By Solomon Crenshaw Jr.
When teams score 13 runs in a baseball game, you might say they are lighting up the scoreboard.
The high-scoring contest didn’t light up the scoreboard at Rickwood Field because the scoring on the board beyond the outfield fence isn’t kept by electrically powered light bulbs. The old-time manual scoreboard is one of the unusual features of the ballpark that drew 7,015 to the 12:30 p.m. contest.
Volunteers from the Friends of Rickwood scaled a 30-foot ladder and stood on a scaffold to change the score each time a baserunner crossed the plate.
That was tough, 18-year-old Carson Weldon said, since you can’t see what the fans in the stands are seeing. Tougher still, he said, is updating the men on the mound and behind the plate.
“Pitchers and catchers are hard because you’ve got to see the (jersey) numbers from all the way back here and you’ve got to put it up fast enough for everyone to see,” he said.

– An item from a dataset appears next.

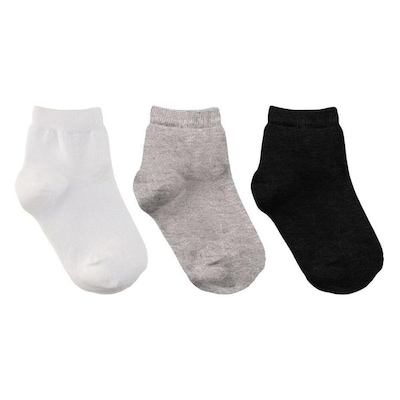 Meia Lupo Kids Cano Médio - 3 Pares - Infantil - Foto 1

Weldon and his brother Connor were among the volunteers working with the Friends of Rickwood. Dan Weinrib, a board member with Friends of Rickwood, couldn’t have been more pleased with drawing scoreboard duty for the Classic.

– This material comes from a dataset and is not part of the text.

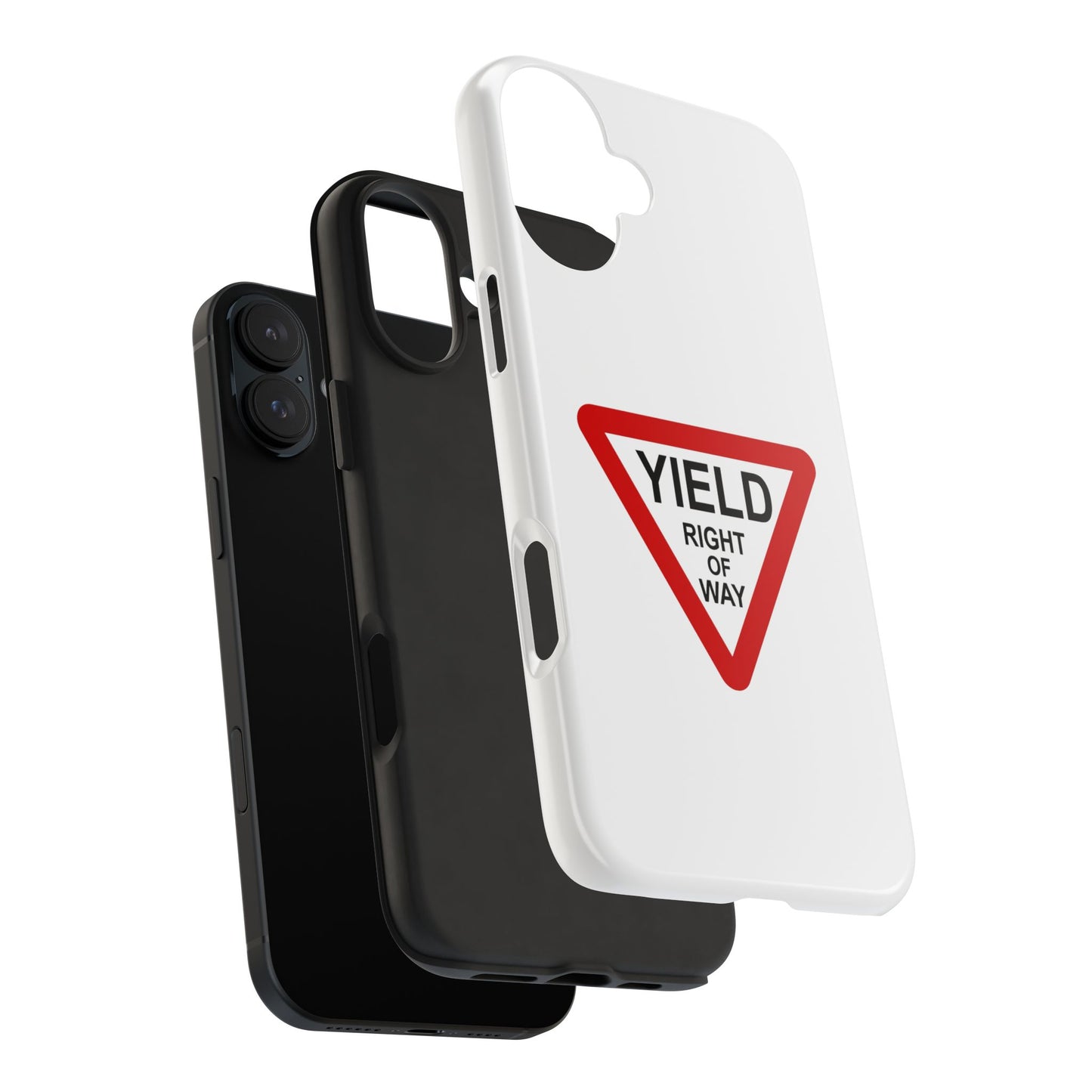 YIELD Right of Way - Tough iPhone Cases - Choose your Size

“The best part of doing this job is you get to watch the game,” he said. “All the other volunteers have to tend to other duties, but the job of the scoreboard folks is to keep current. We get to watch the game, but we also welcome visitors to come up and take in a view of the game.

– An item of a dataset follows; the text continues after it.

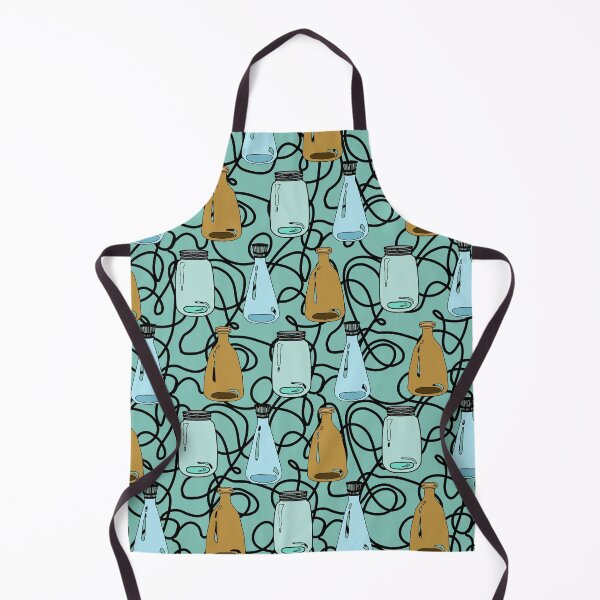Item preview, Green Bottle Repeat Pattern Design designed and sold by NancyMerkle.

“They can’t do this at Wrigley or Fenway because those are working areas for staff only,” he said of the major league ballparks in Chicago and Boston. “We’re a living museum. We want people to explore and experience Rickwood from all 360 degrees.”
Scott Marona was among those who scaled the ladder behind the scoreboard. In doing so, he took a trip down memory lane.
The Huntsville resident played at Rickwood as a 15-year-old ninth grader in a state Dizzy Dean all-star tournament. At 45, he was back at the venerable ballpark playing in a 35-older baseball league.
Rickwood Field even transcended generations for him. His son played there as a 17-year-old and the ballpark is where his father saw his first pro baseball game in 1948.
“I come back here every year,” Marona said. “You love the nostalgia of this park. This is one of the meccas of baseball. You don’t see many old-time things that are kept intact, that are kept outdated on purpose, and this is one of them. Unless you go to Fenway Park you don’t experience what It’s like to go back in old-time baseball.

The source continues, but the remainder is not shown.